Input data -
━━━━━━━━

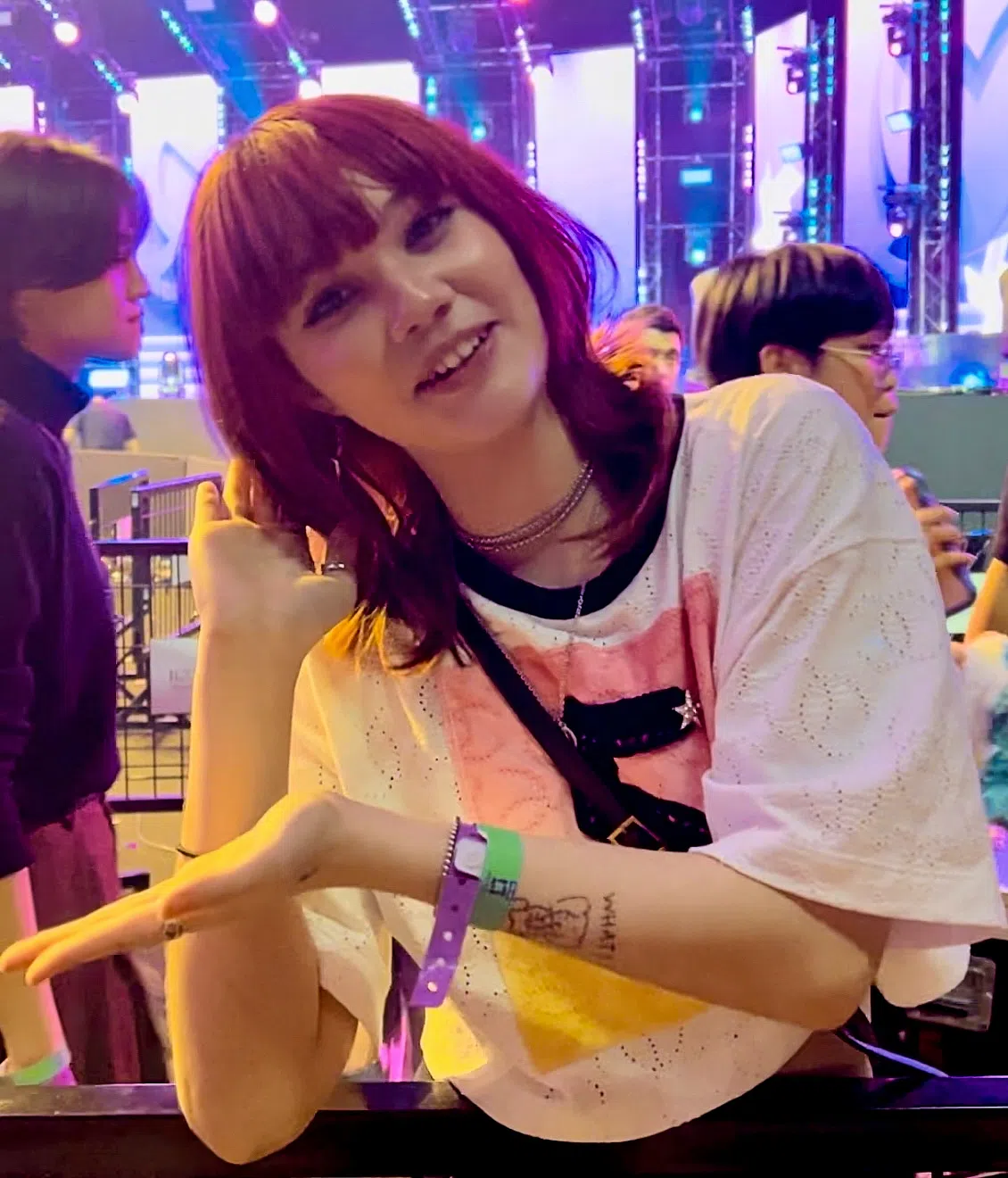 布朗诗蒽是《创造营亚洲》70名学员当中唯一来自新加坡的代表，虽然她在首轮被淘汰离开了舞台，但成团夜特地飞泰支持昔日战友。（王英敏摄）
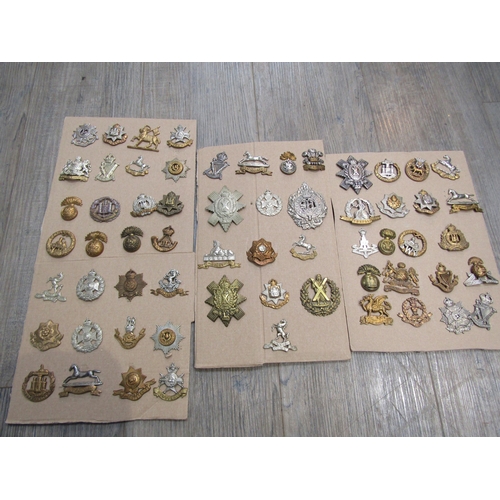 9437 - A collection of WWI era British regimental cap badges including Norfolk Regiment, Argyll & Sutherlan... 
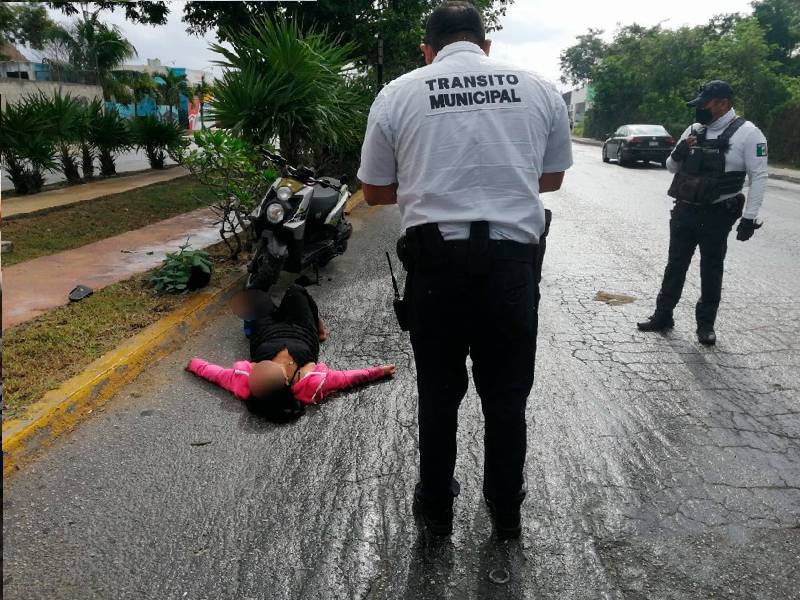 Una mujer sufre lesiones de gravedad al derrapar con una motocicleta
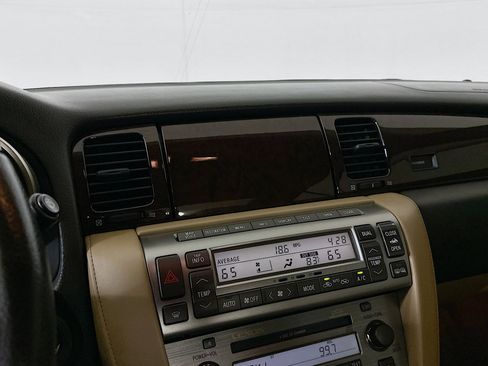 Used 2006 Lexus SC 430 Convertible image 24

━━━━━━━━

What you have to do - Quote in full the listing given above; the images are to be left out.

Answer to this task -
 布朗诗蒽是《创造营亚洲》70名学员当中唯一来自新加坡的代表，虽然她在首轮被淘汰离开了舞台，但成团夜特地飞泰支持昔日战友。（王英敏摄）
 9437 - A collection of WWI era British regimental cap badges including Norfolk Regiment, Argyll & Sutherlan... 
 Una mujer sufre lesiones de gravedad al derrapar con una motocicleta
 Used 2006 Lexus SC 430 Convertible image 24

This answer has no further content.